EXTRACTED RECORDS section start

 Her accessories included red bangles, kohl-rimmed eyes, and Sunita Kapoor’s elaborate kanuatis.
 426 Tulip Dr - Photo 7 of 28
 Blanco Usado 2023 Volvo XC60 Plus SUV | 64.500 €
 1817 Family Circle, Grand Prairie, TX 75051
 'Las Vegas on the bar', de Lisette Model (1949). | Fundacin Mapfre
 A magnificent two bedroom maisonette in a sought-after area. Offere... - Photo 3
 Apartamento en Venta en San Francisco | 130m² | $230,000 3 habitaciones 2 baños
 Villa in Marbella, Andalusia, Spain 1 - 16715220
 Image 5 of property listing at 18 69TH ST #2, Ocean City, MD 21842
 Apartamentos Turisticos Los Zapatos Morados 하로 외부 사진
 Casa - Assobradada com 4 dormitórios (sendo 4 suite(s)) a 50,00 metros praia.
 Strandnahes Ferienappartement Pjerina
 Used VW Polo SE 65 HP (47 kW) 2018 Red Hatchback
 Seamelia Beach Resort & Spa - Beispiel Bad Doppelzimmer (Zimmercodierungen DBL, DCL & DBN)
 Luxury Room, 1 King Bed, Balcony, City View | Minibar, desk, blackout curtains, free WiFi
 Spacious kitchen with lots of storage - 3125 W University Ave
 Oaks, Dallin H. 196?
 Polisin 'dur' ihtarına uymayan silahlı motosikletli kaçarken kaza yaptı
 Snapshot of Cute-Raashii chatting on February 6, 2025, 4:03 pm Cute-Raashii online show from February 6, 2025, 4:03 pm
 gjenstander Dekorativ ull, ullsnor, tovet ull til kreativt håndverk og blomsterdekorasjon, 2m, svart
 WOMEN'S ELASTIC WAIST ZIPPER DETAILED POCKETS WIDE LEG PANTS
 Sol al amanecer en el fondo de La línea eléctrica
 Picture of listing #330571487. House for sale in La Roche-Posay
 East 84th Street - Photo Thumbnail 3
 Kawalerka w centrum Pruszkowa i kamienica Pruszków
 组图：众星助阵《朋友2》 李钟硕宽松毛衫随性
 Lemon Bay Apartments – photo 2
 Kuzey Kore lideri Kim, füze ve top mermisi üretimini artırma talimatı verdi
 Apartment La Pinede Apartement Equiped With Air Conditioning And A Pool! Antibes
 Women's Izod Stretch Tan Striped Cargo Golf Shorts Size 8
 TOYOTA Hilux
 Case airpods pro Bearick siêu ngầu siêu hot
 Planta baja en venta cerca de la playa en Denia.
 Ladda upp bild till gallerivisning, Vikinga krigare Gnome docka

EXTRACTED RECORDS section end

Transcribe only the lines from the beginning of the entries to the line with "Seamelia Beach Resort", inclusive, exactly as written.

ANSWER FOR THE TASK =
 Her accessories included red bangles, kohl-rimmed eyes, and Sunita Kapoor’s elaborate kanuatis.
 426 Tulip Dr - Photo 7 of 28
 Blanco Usado 2023 Volvo XC60 Plus SUV | 64.500 €
 1817 Family Circle, Grand Prairie, TX 75051
 'Las Vegas on the bar', de Lisette Model (1949). | Fundacin Mapfre
 A magnificent two bedroom maisonette in a sought-after area. Offere... - Photo 3
 Apartamento en Venta en San Francisco | 130m² | $230,000 3 habitaciones 2 baños
 Villa in Marbella, Andalusia, Spain 1 - 16715220
 Image 5 of property listing at 18 69TH ST #2, Ocean City, MD 21842
 Apartamentos Turisticos Los Zapatos Morados 하로 외부 사진
 Casa - Assobradada com 4 dormitórios (sendo 4 suite(s)) a 50,00 metros praia.
 Strandnahes Ferienappartement Pjerina
 Used VW Polo SE 65 HP (47 kW) 2018 Red Hatchback
 Seamelia Beach Resort & Spa - Beispiel Bad Doppelzimmer (Zimmercodierungen DBL, DCL & DBN)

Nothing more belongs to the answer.